(Records excerpted from a collection)
* * *

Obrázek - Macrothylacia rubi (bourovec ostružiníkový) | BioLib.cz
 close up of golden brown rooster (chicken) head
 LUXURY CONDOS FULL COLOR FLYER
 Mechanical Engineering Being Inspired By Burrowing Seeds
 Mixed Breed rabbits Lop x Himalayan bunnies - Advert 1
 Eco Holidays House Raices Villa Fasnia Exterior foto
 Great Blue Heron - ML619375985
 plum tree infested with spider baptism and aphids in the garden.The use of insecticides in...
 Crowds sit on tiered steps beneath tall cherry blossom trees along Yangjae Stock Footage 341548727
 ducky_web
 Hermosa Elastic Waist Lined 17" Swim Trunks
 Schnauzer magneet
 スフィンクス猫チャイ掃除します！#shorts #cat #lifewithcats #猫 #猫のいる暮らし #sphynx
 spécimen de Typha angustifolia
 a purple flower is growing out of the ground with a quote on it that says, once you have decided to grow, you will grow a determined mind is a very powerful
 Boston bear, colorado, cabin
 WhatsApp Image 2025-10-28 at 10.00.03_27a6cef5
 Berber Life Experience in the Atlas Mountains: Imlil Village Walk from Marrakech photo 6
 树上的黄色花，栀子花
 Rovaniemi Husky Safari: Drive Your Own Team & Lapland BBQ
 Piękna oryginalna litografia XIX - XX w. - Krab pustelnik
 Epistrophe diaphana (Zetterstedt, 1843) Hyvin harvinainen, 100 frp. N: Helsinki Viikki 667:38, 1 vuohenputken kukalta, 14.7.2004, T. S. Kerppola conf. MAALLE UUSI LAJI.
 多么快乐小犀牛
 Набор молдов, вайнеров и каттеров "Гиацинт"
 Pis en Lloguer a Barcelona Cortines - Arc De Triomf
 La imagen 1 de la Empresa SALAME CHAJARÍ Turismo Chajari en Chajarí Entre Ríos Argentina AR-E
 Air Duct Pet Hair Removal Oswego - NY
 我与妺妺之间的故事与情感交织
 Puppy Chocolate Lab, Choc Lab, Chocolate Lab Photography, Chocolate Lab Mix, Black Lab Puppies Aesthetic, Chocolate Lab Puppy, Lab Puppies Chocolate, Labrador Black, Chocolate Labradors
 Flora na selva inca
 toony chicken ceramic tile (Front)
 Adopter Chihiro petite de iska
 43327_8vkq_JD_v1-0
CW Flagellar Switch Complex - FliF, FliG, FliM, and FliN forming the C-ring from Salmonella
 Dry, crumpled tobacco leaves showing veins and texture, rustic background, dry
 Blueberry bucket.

* * *

**What you are asked to do:** Could you return exactly the stretch of the data above that starts at the line with "Boston bear, colorado, cabin" and ends at the line with "我与妺妺之间的故事与情感交织", both lines included?

**Reply to the task:**
 Boston bear, colorado, cabin
 WhatsApp Image 2025-10-28 at 10.00.03_27a6cef5
 Berber Life Experience in the Atlas Mountains: Imlil Village Walk from Marrakech photo 6
 树上的黄色花，栀子花
 Rovaniemi Husky Safari: Drive Your Own Team & Lapland BBQ
 Piękna oryginalna litografia XIX - XX w. - Krab pustelnik
 Epistrophe diaphana (Zetterstedt, 1843) Hyvin harvinainen, 100 frp. N: Helsinki Viikki 667:38, 1 vuohenputken kukalta, 14.7.2004, T. S. Kerppola conf. MAALLE UUSI LAJI.
 多么快乐小犀牛
 Набор молдов, вайнеров и каттеров "Гиацинт"
 Pis en Lloguer a Barcelona Cortines - Arc De Triomf
 La imagen 1 de la Empresa SALAME CHAJARÍ Turismo Chajari en Chajarí Entre Ríos Argentina AR-E
 Air Duct Pet Hair Removal Oswego - NY
 我与妺妺之间的故事与情感交织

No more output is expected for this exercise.